Festival della Scienza, al centro l’alluvione di Genova. Esperti: “Non ci possono essere previsioni precise”

alluvione 9 ottobre genova

Genova. “Le precipitazioni del 9 ottobre sono state puntuali, molto forti e abbondanti.Ci sono stati picchi di 220 mm all’ora, in particolare sui comuni dell’entroterra e sul bacino del torrente Bisagno”. Lo ha spiegato oggi, durante una conferenza ad hoc nell’ambito del Festival della Scienza a Genova, Antonio Parodi, esperto di modellazione atmosferica e analisi statistica degli eventi estremi, project leader della fondazione CIMA (Centro Internazionale in  Monitoraggio Ambientale).

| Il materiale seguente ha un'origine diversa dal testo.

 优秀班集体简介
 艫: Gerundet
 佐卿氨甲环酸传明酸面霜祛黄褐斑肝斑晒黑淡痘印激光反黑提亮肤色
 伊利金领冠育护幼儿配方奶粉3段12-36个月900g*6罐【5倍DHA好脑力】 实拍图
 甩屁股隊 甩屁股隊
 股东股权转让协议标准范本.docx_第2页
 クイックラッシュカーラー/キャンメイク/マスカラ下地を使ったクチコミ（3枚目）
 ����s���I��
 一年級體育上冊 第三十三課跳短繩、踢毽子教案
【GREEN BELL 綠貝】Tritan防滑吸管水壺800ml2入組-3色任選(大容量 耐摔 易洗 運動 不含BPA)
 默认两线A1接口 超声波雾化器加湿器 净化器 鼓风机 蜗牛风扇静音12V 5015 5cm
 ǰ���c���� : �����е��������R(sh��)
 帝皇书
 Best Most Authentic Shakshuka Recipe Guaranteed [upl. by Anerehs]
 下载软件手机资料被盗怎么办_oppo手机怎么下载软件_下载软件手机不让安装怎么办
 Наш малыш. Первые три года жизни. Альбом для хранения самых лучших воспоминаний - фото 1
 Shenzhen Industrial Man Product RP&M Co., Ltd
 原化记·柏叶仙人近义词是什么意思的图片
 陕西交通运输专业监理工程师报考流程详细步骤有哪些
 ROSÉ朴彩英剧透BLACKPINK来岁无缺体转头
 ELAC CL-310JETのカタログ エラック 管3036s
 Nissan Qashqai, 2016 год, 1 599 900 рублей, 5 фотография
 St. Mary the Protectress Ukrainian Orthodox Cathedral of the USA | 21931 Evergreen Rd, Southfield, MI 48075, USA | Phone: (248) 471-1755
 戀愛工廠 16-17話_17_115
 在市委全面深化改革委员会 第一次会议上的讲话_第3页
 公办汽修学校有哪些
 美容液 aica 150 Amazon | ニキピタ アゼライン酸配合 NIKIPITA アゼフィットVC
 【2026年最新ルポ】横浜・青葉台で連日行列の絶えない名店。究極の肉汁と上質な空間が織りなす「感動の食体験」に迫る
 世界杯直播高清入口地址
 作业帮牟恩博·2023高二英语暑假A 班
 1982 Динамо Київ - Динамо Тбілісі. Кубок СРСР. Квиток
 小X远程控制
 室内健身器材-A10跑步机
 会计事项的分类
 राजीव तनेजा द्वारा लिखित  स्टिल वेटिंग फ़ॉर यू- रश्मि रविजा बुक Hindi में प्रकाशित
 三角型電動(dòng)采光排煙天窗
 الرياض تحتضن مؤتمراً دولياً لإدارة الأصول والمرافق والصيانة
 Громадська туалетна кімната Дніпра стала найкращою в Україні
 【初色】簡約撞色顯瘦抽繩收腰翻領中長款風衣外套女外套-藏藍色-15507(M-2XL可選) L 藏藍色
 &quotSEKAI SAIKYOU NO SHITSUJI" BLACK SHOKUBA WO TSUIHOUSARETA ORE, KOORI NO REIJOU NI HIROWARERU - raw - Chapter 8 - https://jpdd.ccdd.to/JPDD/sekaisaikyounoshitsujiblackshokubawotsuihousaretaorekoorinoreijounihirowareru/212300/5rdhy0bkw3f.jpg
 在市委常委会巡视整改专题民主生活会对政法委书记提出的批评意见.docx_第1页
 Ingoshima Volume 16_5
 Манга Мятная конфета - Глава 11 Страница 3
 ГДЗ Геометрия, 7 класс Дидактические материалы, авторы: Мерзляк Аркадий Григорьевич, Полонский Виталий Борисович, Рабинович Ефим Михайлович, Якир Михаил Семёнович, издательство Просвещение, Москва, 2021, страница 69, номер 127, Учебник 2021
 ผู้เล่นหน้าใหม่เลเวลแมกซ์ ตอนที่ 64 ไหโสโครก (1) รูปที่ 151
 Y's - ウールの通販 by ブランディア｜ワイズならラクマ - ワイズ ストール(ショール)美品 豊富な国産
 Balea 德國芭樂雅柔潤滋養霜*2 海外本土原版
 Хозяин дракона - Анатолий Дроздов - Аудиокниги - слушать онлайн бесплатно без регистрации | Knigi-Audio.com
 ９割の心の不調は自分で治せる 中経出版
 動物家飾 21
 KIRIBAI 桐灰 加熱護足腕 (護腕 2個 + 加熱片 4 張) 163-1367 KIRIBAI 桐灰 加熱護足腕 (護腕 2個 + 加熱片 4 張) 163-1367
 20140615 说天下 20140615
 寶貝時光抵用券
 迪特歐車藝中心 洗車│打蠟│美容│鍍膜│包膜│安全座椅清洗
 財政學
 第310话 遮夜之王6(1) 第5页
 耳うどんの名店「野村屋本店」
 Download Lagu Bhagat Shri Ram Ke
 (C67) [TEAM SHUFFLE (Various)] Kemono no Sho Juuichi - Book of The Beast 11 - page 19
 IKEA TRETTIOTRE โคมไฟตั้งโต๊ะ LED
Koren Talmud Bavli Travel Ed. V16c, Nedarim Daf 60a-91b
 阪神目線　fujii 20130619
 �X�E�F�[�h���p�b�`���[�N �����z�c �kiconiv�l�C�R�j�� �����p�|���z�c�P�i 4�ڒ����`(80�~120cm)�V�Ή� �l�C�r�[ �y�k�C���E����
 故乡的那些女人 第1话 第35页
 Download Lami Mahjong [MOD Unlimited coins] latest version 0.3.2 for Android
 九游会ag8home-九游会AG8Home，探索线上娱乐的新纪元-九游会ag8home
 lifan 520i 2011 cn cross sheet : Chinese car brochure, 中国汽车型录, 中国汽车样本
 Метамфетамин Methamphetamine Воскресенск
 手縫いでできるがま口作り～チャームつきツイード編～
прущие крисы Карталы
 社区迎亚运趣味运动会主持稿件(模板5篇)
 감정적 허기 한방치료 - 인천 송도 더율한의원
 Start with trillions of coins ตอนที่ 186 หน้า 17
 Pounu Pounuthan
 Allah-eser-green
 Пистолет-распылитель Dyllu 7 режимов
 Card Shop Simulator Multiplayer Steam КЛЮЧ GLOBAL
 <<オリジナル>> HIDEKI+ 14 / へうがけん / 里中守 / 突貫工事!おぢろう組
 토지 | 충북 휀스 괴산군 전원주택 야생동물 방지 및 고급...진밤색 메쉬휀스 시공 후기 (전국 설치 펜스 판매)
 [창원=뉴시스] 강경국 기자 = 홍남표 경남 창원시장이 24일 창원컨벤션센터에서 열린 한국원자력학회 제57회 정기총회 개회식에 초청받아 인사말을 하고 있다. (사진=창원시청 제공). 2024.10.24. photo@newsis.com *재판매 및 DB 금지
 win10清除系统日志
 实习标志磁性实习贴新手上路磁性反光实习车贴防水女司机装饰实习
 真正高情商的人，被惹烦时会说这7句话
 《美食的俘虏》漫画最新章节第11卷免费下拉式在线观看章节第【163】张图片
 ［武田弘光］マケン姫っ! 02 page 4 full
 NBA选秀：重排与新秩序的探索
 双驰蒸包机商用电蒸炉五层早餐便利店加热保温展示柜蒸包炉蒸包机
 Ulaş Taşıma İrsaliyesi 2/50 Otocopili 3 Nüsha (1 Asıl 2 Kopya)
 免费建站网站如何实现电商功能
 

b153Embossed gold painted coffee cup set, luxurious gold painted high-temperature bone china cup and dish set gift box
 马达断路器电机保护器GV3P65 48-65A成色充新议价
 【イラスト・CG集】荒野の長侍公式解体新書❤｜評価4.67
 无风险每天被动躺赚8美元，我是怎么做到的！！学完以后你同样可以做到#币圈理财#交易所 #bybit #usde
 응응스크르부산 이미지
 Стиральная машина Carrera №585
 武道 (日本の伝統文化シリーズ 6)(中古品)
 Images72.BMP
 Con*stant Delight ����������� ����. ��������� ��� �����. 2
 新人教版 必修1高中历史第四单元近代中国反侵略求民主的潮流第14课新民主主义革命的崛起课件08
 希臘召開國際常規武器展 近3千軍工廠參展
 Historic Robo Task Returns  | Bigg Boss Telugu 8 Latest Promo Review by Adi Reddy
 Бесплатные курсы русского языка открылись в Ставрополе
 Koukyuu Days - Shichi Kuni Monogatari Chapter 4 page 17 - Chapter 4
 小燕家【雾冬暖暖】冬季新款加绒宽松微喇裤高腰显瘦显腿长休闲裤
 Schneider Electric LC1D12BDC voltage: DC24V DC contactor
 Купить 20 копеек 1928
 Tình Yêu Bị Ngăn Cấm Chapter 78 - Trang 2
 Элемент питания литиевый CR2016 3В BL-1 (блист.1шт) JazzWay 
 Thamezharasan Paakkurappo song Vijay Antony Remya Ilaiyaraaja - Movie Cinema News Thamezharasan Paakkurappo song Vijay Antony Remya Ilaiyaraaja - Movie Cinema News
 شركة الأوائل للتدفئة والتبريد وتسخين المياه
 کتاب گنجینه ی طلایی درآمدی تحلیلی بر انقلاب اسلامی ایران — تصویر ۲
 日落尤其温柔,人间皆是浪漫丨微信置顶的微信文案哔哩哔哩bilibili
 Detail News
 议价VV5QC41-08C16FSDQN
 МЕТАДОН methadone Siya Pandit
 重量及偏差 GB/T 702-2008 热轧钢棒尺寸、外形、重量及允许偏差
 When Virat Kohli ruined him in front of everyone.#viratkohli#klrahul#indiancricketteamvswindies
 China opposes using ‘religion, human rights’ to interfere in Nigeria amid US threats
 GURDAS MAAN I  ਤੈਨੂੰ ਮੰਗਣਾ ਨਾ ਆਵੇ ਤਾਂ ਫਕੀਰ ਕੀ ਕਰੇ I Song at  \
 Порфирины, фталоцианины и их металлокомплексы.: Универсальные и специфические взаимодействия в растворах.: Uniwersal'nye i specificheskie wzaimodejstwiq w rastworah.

Parodi ha mostrato le immagini dal satellite, sottolineando la struttura “a cono” che si è creata su Genova, come già accaduto nell’alluvione a Genova del 2011. Sino al pomeriggio il torrente Bisagno ha resistito, poi la situazione è precipitata velocemente e alle 23.15 il Bisagno è esondato. “La portata è stata superiore a quella del 2011. Bisogna considerare che la media massima annuale oraria di precipitazione (calcolata negli ultimi 50 anni) nell’area genovese è circa 30-35 mm. La stazione di Geirato ha ricevuto nell’ora più intensa dell’alluvione (prima dell’esondazione del Bisagno) più del triplo di pioggia”.

“Ci sono limiti intrinseci alla predicibilità degli eventi atmosferici – ha continuato Parodi – In questi giorni si sono sentiti troppi discorsi a vanvera sui giornali. Il modello di riferimento nazionale, Cosmo, non ha visto i picchi di precipitazione. Un modello ad altissima risoluzione, Moloch (con previsioni a circa 2 km) vedeva bene i picchi del mattino, ma non quelli della sera. Non ci possono dunque essere previsioni precise sia sulla quantità, che sulla localizzazione e quantità”.

“Non esiste un demiurgo che possa prevedere con certezza il tempo”, ha ribadito Carlo Cacciamani, responsabile di servizio idro-meteo-clima ARPA Emilia Romagna. “Non capisco la polemica contro i meteorologi dopo i fatti di Genova – ha aggiunto – Avevano previsto che ci sarebbe stata tanta pioggia. Tanto di cappello per queste previsioni. E bisogna ricordare che in Liguria i fiumi hanno un bacino piccolo, per cui vanno in piena molto velocemente”.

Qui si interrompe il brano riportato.